* _EXERCISE BRIEF_
Lines before the one containing "Mocassins de bureau" are left out; that line and every line after it, through the end of the records, are to be reproduced exactly.
(DATASET CONTENT begins)
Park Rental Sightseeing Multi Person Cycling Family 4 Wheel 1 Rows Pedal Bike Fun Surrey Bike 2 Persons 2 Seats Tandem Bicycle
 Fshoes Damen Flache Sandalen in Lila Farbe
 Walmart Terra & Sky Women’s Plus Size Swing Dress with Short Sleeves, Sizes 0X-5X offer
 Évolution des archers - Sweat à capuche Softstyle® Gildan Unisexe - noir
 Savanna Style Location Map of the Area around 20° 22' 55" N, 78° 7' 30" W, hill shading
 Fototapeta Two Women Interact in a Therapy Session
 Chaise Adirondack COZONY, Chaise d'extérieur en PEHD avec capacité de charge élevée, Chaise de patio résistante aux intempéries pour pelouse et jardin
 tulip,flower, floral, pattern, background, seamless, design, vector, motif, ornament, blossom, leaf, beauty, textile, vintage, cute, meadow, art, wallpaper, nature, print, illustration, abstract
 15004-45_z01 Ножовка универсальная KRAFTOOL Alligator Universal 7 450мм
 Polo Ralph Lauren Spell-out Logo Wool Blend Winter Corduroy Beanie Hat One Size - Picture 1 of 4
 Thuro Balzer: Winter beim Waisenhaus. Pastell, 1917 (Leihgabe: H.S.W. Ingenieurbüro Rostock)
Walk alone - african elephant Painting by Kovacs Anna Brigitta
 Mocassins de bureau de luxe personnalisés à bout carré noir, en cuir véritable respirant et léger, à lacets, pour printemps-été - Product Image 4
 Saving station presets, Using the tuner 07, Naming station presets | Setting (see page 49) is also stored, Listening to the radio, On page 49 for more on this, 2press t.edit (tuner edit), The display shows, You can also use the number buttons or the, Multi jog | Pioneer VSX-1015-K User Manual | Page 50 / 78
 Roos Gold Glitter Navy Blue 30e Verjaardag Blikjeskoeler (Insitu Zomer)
(DATASET CONTENT ends)
* _RESPONSE AREA_
 Mocassins de bureau de luxe personnalisés à bout carré noir, en cuir véritable respirant et léger, à lacets, pour printemps-été - Product Image 4
 Saving station presets, Using the tuner 07, Naming station presets | Setting (see page 49) is also stored, Listening to the radio, On page 49 for more on this, 2press t.edit (tuner edit), The display shows, You can also use the number buttons or the, Multi jog | Pioneer VSX-1015-K User Manual | Page 50 / 78
 Roos Gold Glitter Navy Blue 30e Verjaardag Blikjeskoeler (Insitu Zomer)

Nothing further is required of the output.